The fires have charred more than 5,000 acres of parched Ponderosa forest, brush and grassland over the weekend, consuming half a dozen buildings and threatening a small town, authorities said.
A human-caused fire in Crown King, a popular tourist destination 85 miles north of Phoenix, which has spread to over 1,300 acres since it started on Sunday has made 350 residents flee their homes and destroyed two buildings and one trailer.
An evacuation center was set up at a high school in nearby Mayer, Arizona, although only three people had taken shelter there on Monday, the Yavapai County Sheriff's Office said.
'Most residents have elected to stay,' spokesman Dwight D'Evelyn said. 'We're taking it hour by hour.
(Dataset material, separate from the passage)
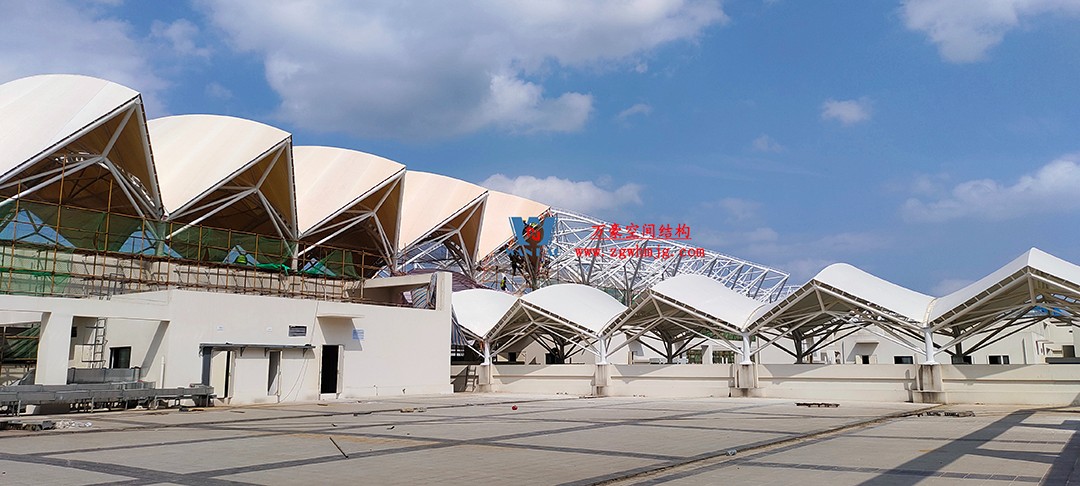 施工加速，這個PTFE膜結(jié)構(gòu)天幕即將完工！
Should (danger) become imminent, we'll get folks out quickly.'
Fanned by strong and erratic winds and dry weather, the ‘Gladiator Fire’ also threatened forest service campgrounds, lookout towers and power lines in the area, the forest service said in a statement.
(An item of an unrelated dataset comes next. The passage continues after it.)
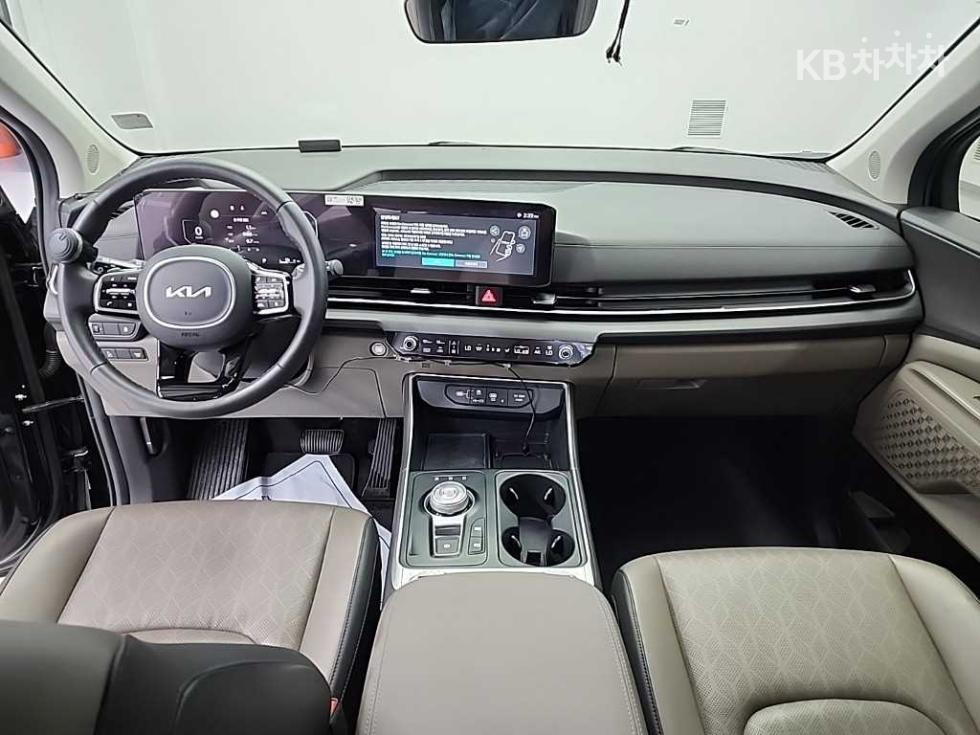 Kia Carnival — miniaturë 7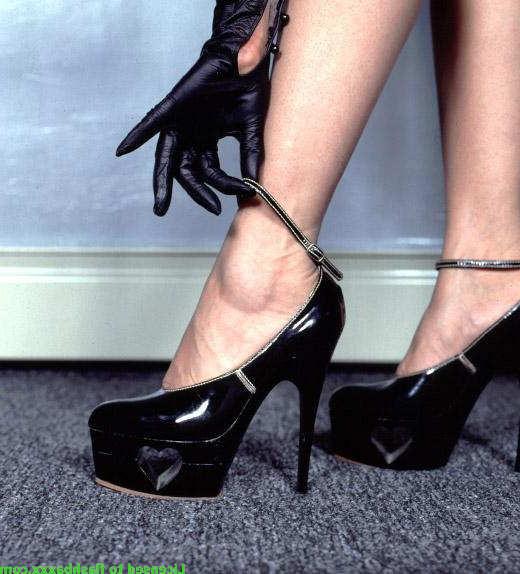 15P Very hot vintage babes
'There is no containment on this fire ... there's homes up there (and) efforts have concentrated on structural protection at this point' said Debbie Maneely, a spokeswoman with the fire incident team.
By late afternoon on Monday, the blazes cast a haze of gray-brown smoke over parts of the northeast Phoenix valley.
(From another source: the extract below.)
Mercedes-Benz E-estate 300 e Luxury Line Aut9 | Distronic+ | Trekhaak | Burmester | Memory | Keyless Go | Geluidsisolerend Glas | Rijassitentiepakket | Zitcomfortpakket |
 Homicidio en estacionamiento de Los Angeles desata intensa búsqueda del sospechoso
The Sunflower Fire, the largest of at least four blazes in central and eastern Arizona, burned 3,100 acres in the Tonto National Forest, about 40 miles north of Phoenix, destroying two homes, a business and two outbuildings over the weekend, the Southwest Coordination Center said.
Authorities are still unsure what caused this fire, which was five per cent contained on Monday evening, according to the Incident Information System.
On the San Carlos Apache reservation, in eastern Arizona, the Elwood Fire, caused by lightning, charred more than 1,100 acres of Ponderosa pine, juniper and oak over the weekend.
The Bull Flat Fire on the Fort Apache reservation, meanwhile, burned 575 acres brush and grassland and threatened a fish hatchery.
It is feared that the hot and windy weather expected will make controlling the fires more difficult.
The blazes were the first major wildfires of the season in Arizona this year, after a record 2011 fire season in which nearly 2,000 recorded blazes together swallowed more than 1,500 square miles, according to the National Interagency Fire Center.
Last year's so-called Wallow Fire, the largest blaze in the state's history, started in late May and torched about 840 square miles of prime forest land in eastern Arizona.
Senator John McCain ignited a furor when he suggested last June that the blaze might have been started by illegal immigrants. Two Arizona cousins, later pleaded guilty to starting that fire when they left a campfire unattended.